Валантену стало жалко бедную девочку с заплаканными, опухшими глазами. Он редко проявлял сочувствие к ближним своим, но сейчас испытал потребность сказать Фелисьене несколько утешительных слов.

– Не корите себя, вы ни в чем не виноваты, – ласково проговорил он. – Невозможно было предвидеть столь страшную развязку. Но вы правильно сделали, что доверились мне. Если я смогу пролить свет на обстоятельства гибели вашего брата, это будет во многом благодаря вам.

Церемония погребения подошла к концу. Люди, ускоряя шаг под усилившимся дождем, двинулись к выходу с кладбища, где их ждали экипажи. Вокруг могилы остались только близкие родственники и друзья. Полицейский достал карманные часы – у него еще было время вызнать адрес квартиры, которую Люсьен Довернь снимал на улице Ангулем, – этого не было в полученном от Фланшара досье, – и наведаться туда с проверкой.

Он свернул на аллею, по обеим сторонам которой высились склепы, и вдруг заметил женщину в черном. Судя по всему, она тоже пришла на похороны Люсьена, но намеренно держалась подальше от остальных. Насколько можно было судить, несмотря на почти скрывавший лицо капюшон ее просторного плаща, женщина была довольно молода и миловидна. Она стояла метрах в двадцати от свежей могилы, у какого-то другого надгробия, и задумчиво смотрела, как служители похоронного бюро, взявшись за лопаты, бросают на гроб первые комья земли. В руках незнакомка нервно комкала обшитый кружевами платок.

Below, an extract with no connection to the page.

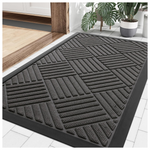 29.5"x17" Smiry Heavy Duty Natural Rubber Front Door Mat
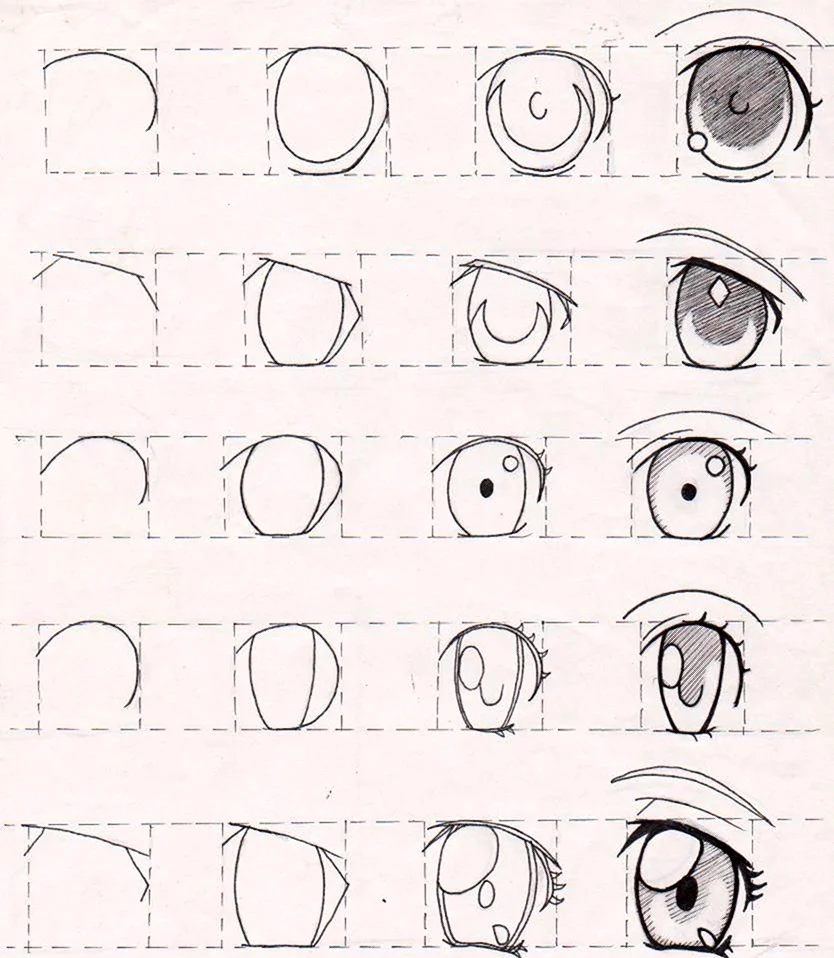 Как нарисовать глаза аниме поэтапно карандашом для начинающих. Для срисовки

Заинтригованный Валантен прошел мимо нее не останавливаясь, затем, сделав еще несколько шагов по аллее, укрылся за сараем с погребальными инструментами, откуда можно было наблюдать за женщиной, оставаясь для нее невидимым. Когда она наконец решила покинуть кладбище, у последнего пристанища Люсьена Доверня остались только могильщики. Одинокая незнакомка словно нарочно задержалась здесь, чтобы попрощаться с покойным наедине.